AWS S3 Outage

On February 28, 2017, an AWS engineer was troubleshooting an issue with the billing system in the US-EAST-1 region. The troubleshooting involved removing instances to isolate the problem.

The engineer ran a command intended to remove a small subset of capacity for testing. However, due to a typo in the command parameters, it matched a much larger set of instances than intended.

The command removed significantly more capacity than expected. This triggered a restart sequence for the affected systems. Under normal conditions, this would be handled gracefully by failover systems.

The billing system had a specific initialization sequence that required reading state from the very systems that had just been removed. The initialization was not designed to handle their absence.

When the removed instances came back online, they needed to reinitialize and rejoin the cluster. This process had time dependencies that were longer than expected during recovery.

S3 became unavailable for several hours. Not because the hardware failed, but because the initialization sequence could not complete fast enough to serve requests.

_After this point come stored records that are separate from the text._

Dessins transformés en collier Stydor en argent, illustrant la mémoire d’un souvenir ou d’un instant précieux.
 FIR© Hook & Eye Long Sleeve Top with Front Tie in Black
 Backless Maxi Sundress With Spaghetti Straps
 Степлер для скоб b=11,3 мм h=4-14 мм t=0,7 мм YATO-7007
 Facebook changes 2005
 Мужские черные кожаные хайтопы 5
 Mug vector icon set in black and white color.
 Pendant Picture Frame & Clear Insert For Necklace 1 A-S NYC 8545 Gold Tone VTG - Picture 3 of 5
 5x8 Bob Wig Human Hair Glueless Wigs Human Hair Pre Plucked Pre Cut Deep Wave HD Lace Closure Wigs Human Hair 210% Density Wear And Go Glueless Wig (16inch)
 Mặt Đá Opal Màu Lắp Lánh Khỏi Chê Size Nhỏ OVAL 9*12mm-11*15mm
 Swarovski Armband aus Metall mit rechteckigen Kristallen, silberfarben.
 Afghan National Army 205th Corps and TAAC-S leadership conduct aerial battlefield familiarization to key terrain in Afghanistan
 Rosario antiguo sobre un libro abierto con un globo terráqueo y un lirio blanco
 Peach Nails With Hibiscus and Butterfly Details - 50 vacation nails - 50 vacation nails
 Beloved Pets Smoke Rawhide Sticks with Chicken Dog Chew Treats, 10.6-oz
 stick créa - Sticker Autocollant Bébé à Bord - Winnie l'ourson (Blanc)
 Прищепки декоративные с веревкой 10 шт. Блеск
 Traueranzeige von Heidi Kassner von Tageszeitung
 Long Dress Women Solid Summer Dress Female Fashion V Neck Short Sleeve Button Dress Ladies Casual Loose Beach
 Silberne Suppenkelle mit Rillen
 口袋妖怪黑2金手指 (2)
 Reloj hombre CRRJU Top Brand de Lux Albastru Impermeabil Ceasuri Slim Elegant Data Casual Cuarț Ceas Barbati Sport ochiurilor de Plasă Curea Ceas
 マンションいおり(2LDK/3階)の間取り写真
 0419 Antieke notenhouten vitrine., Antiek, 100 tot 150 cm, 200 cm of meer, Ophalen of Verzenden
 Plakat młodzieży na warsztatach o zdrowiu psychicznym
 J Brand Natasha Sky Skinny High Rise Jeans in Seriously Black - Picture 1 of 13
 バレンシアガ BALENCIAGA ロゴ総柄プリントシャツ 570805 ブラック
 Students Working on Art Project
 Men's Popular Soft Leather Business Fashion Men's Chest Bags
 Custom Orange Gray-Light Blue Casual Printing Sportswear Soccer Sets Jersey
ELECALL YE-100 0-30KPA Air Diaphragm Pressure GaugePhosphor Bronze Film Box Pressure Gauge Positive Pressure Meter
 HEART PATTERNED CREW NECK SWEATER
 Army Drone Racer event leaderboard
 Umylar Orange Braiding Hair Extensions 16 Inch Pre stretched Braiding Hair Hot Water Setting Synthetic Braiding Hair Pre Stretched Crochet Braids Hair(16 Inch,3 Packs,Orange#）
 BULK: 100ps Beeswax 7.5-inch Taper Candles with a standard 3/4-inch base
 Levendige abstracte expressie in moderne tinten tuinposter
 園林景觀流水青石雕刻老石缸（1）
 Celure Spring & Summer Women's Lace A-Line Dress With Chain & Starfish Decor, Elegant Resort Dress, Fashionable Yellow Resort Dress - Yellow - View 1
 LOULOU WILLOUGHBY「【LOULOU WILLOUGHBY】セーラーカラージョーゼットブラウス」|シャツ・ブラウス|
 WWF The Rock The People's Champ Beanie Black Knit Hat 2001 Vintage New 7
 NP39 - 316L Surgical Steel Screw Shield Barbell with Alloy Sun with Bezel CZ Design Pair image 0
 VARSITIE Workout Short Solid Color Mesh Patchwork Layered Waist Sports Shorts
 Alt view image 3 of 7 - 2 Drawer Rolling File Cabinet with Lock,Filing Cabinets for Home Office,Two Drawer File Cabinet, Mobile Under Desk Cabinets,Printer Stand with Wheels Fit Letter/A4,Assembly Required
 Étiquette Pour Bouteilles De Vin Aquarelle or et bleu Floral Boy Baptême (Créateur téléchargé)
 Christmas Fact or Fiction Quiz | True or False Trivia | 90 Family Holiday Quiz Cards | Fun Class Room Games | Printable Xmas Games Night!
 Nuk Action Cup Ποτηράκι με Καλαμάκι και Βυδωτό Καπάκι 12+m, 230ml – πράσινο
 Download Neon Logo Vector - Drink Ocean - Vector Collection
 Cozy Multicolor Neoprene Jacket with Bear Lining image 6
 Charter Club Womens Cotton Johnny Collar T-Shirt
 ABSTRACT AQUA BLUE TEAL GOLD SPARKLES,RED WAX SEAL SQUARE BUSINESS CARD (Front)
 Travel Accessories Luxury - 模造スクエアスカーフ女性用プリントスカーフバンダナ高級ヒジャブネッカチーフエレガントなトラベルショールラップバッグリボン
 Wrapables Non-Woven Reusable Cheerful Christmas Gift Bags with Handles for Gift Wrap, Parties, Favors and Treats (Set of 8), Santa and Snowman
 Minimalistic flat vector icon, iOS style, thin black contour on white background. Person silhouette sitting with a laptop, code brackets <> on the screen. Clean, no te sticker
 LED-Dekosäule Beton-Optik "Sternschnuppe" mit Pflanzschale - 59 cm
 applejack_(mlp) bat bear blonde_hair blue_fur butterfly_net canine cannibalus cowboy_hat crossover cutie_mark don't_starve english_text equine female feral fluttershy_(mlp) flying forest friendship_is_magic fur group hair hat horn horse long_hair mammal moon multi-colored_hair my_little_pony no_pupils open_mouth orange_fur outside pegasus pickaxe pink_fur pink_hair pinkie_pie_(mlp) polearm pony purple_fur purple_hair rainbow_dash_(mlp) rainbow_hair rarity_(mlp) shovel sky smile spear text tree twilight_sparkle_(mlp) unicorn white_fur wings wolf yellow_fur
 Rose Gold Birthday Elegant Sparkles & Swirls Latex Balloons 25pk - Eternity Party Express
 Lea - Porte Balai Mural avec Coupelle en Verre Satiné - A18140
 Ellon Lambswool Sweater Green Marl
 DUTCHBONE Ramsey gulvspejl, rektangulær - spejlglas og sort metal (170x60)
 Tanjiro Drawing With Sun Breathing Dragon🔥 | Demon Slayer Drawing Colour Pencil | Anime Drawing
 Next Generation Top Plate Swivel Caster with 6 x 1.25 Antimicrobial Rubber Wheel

The system was designed assuming single instances or small groups would be removed. No one had explicitly analyzed what would happen if a large fraction failed simultaneously.

Testing had never simulated large simultaneous failures. Load testing had never included the recovery initialization times. Failure modes were assumed but never verified.

The system looked redundant on paper. Multiple data centers, multiple copies of data, automatic failover. But the initialization complexity was hidden and untested at scale.